Gelman aceptaba a su manera la definición rilkeana del oficio de poeta (el acercamiento a lo inefable): él decía que era “ese acontecimiento que emerge a través de una trama de palabras para arrancar algo de la nada”, y en su larga trayectoria combinó las más diversas formas de lo poético, desde lo puramente lírico a lo ásperamente narrativo, desde la métrica impecable hasta el quiebre por dentro de esa métrica, desde lo místico a lo político, explorando los alcances del verso “conversado”, la textura a contrapelo de las palabras “bellas”. Así fue construyendo una obra de enorme coherencia interna en los sucesivos pasos de su itinerario.

Alguna vez le preguntaron a Roberto Matta, el pintor chileno, cómo festejaba su cumpleaños y él dijo: “Invito a los Matta que fui y discutimos toda la noche”. Algo similar ocurre con los Gelman: sumergirse en cada nuevo libro suyo permite escuchar, por debajo de las palabras, una fascinante beligerancia y complementación entre todos esos modos de decir. Para aquellos que descubrieron sus primeros libros en los ’70 siendo adolescentes, como fue mi caso, la aparición de sus libros posteriores, cada dos o tres o cinco años, obligaba a bruscos pasos de maduración como lector, se quisiera o no: su profundización progresiva, sin respiro y sin clemencia, en ese territorio llamado poesía fue siempre ejemplar.

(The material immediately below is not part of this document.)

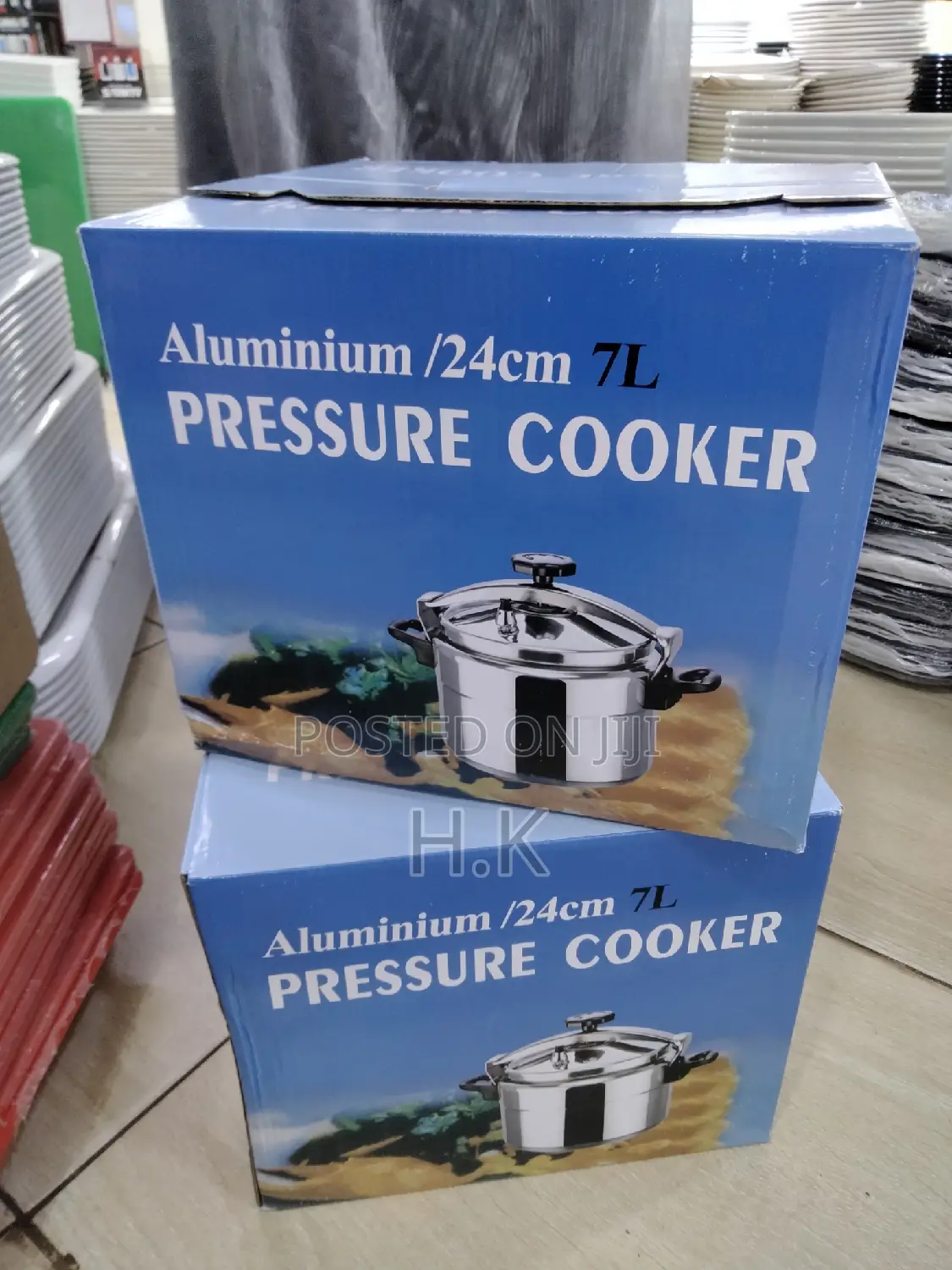 7L Pressure Cooker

A diferencia de muchos grandes, Gelman nunca se repitió, ni se estableció cómodamente en un registro desde el cual seguir mirando el mundo dócilmente. Sin embargo (o a causa de eso), casi cualquier circunstancia de la vida puede retratarse con una frase suya: he ahí una evidencia inequívoca de la grandeza de su obra. De sus libros, mis preferidos son dos: Los poemas de Sydney West y Carta a mi madre (dos extremos de su obra), pero otro de los méritos de Gelman fue justamente ése: la cantidad de opciones que ofrece al lector a la hora de elegir sus preferidos.